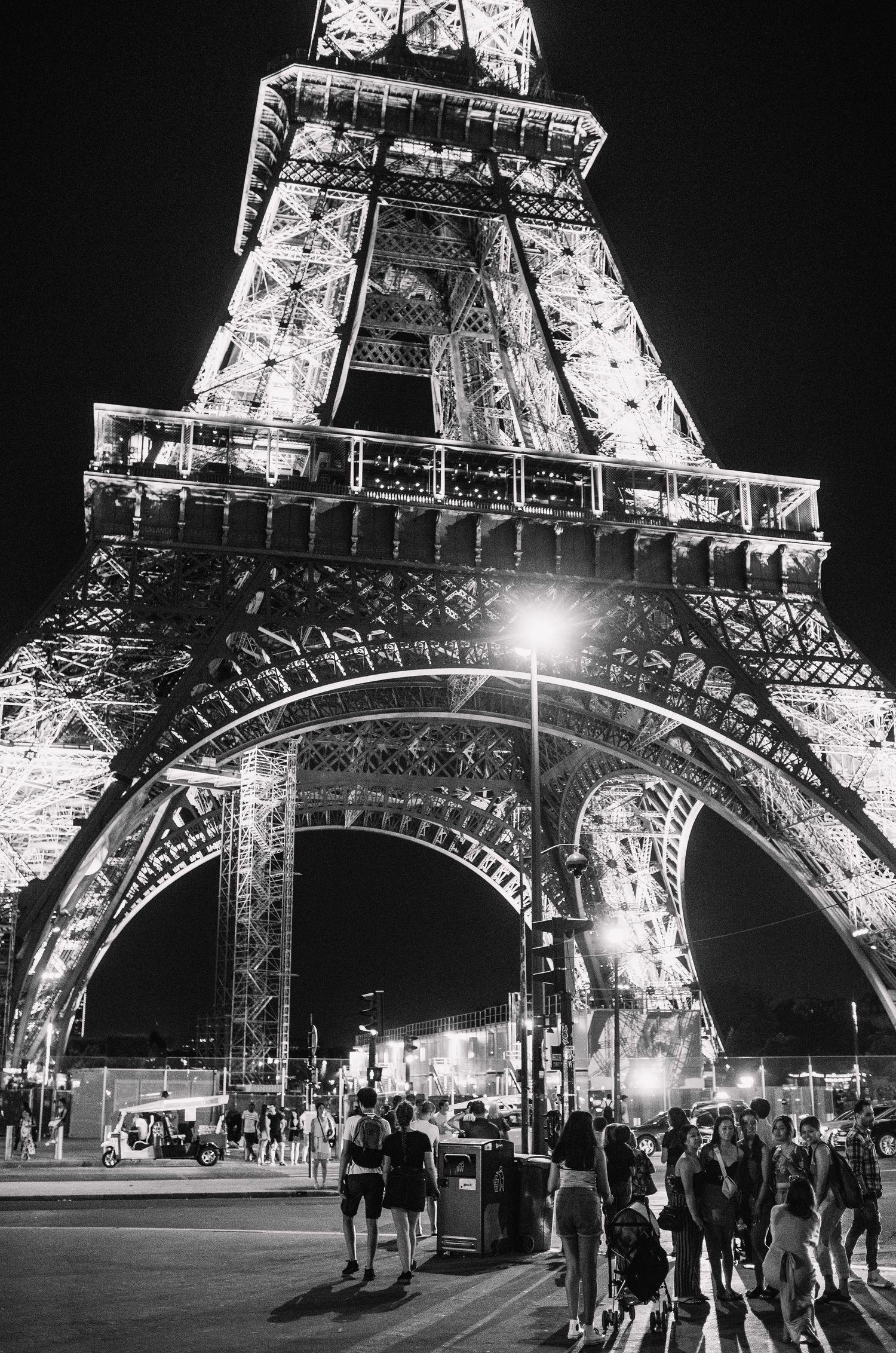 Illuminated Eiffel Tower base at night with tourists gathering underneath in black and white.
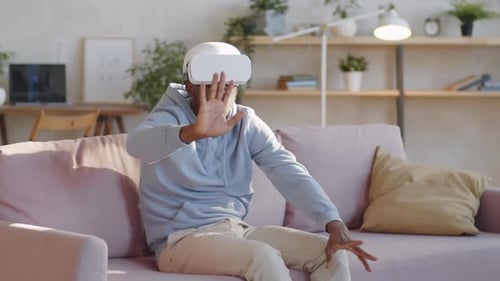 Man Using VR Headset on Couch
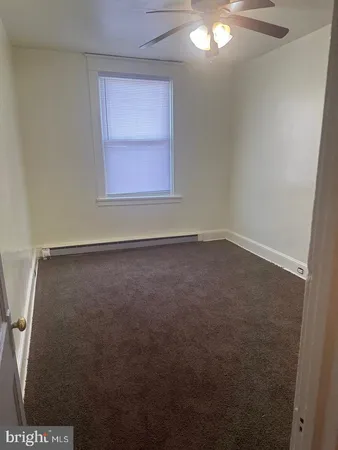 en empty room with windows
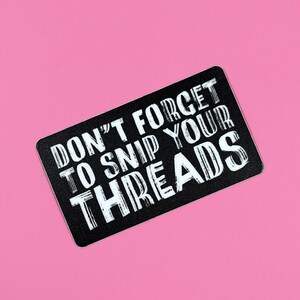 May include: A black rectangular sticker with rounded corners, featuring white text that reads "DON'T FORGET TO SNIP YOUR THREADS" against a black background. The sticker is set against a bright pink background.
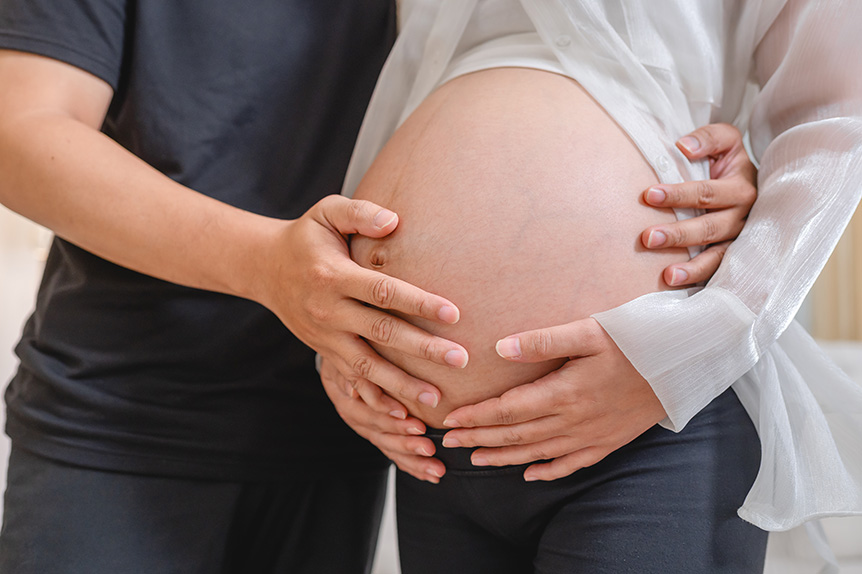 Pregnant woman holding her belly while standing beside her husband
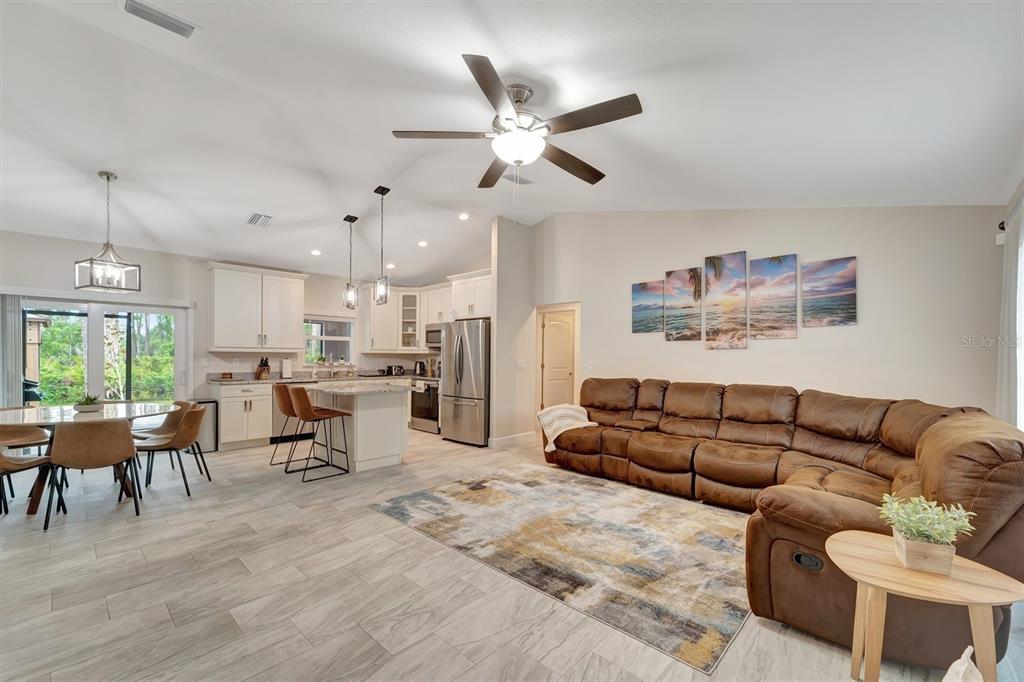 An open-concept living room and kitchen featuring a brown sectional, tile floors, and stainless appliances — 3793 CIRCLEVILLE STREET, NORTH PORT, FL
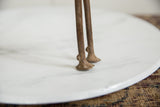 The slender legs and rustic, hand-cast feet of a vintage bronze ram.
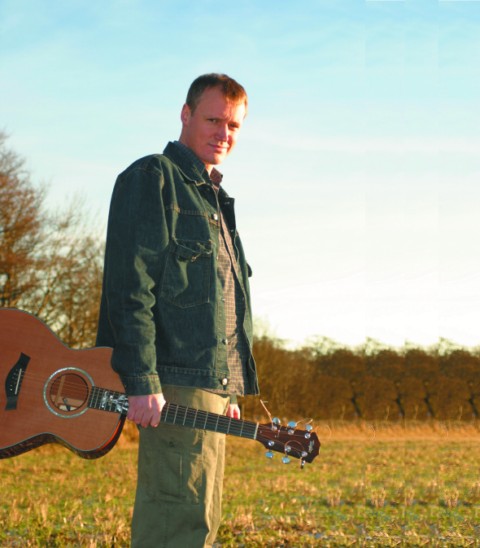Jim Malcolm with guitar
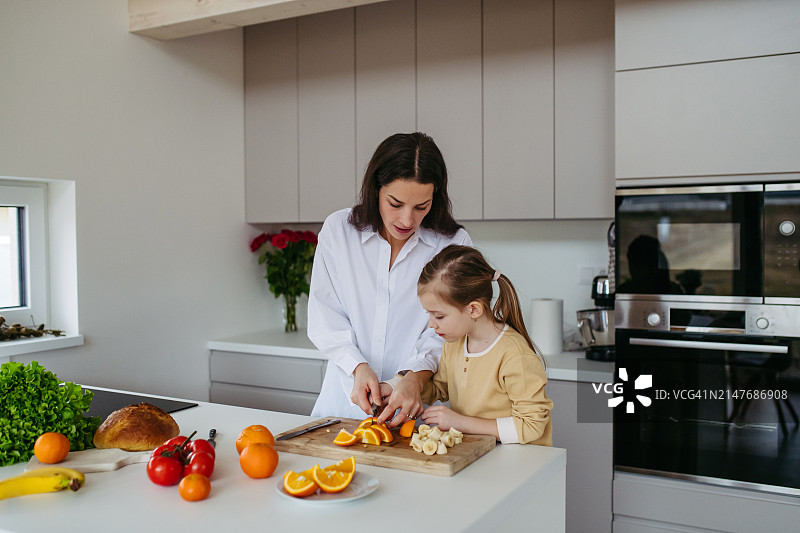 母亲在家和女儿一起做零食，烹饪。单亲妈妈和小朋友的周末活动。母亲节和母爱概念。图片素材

:::

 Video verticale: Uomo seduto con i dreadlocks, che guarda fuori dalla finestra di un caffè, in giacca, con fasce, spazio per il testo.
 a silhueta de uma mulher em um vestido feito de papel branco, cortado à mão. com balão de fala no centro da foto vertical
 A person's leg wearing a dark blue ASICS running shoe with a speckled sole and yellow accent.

:::

Copy only what runs above from the line containing "The slender legs" through the line containing "母亲在家和女儿一起做零食，烹", exactly. Leave out the pictures.

 The slender legs and rustic, hand-cast feet of a vintage bronze ram.
Jim Malcolm with guitar
 母亲在家和女儿一起做零食，烹饪。单亲妈妈和小朋友的周末活动。母亲节和母爱概念。图片素材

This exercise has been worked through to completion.